Jon Landau, Springsteen’s manager and one of the tour’s main architects, said he thought its principal political value could be to “inspire part of the [Democratic] base.”
“While its true that the audiences were largely already favorable to the concerns of Vote for Change, I feel that people left these incredible and unified experiences elevated and more fully motivated and involved,” Landau said.
Not all who attended the shows opposed Bush. For instance, at the Oct. 3 show in Detroit -- featuring Springsteen and R.E.M. -- Craig Felhandler, a financial advisor wearing a Springsteen T-shirt, good-naturedly told a MoveOn.org organizer that he couldn’t volunteer.
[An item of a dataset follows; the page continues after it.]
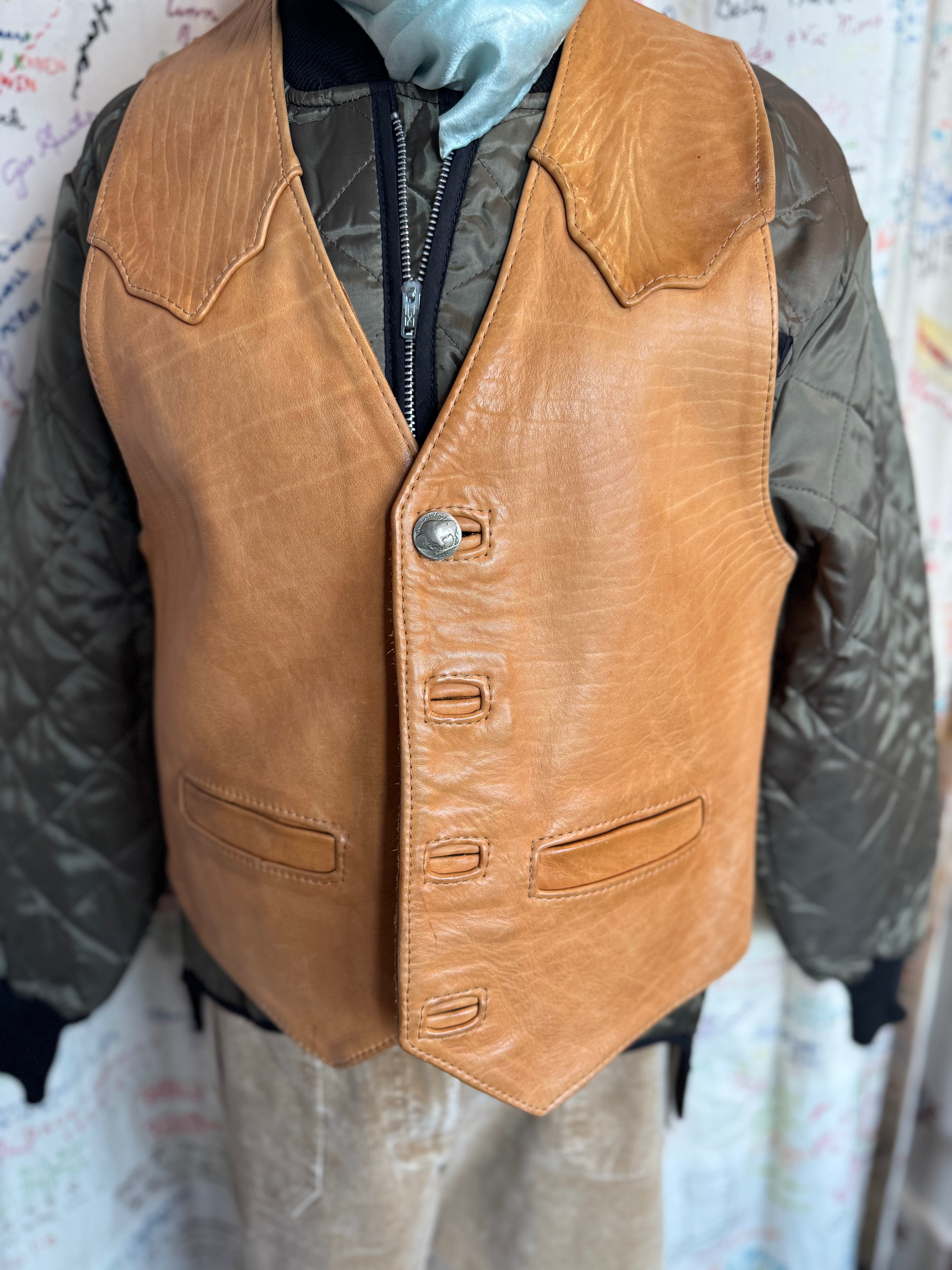 esc. Leather Vest + US Buffalo Nickels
He said he was planning to back Bush because of the president’s aggressive response to terrorism.
“We have to take action before it gets bad -- that’s why I’m voting for Bush,” he said. “But I love Bruce Springsteen.”
Still, several of the artists said it appeared that most of those attending the concerts endorsed the tour’s political message.
“It was incredibly supportive,” Stipe said. “The energy was coming from the crowd, not from us.”
Ellen Malcolm, president of America Coming Together, said the $15 million the group expected to raise from the concerts amounted to about one-eighth of its total budget. “We will use the money to put together the biggest get-out-the-vote operation the country has ever seen,” she said.
With the artists usually making a recruiting pitch from the stage, MoveOn and America Coming Together attracted hundreds of workers for its get-out-the-vote drives.
Artistically, the shows were noteworthy for the collaborations they produced. Springsteen sang with John Fogerty on Fogerty’s Vietnam-era antiwar song, “Fortunate Son.” Neil Young, who migrated between several of the different concerts, played Bob Dylan’s “All Along the Watchtower” with Pearl Jam one night and with Springsteen another.
The tour also was notable for its absence of politicians or political leaders. All the political messages -- which were generally low-key and brief -- came from the artists themselves.
Political figures remained on the sidelines even at Monday’s show in Washington, which Downs said fit with the artists’ desire to transmit a personal message to their fans.
One of the most pointed moments during the concert came when Natalie Maines of the Dixie Chicks reaffirmed her comment last year that she was “ashamed” Bush came from Texas, her home state.
She said she had been asked if she wanted to apologize for the remark, which caused some radio stations to drop the group’s songs from their playlists. “I thought about it,” she said, “and I thought if I did that, Bush would just call me a flip-flopper.”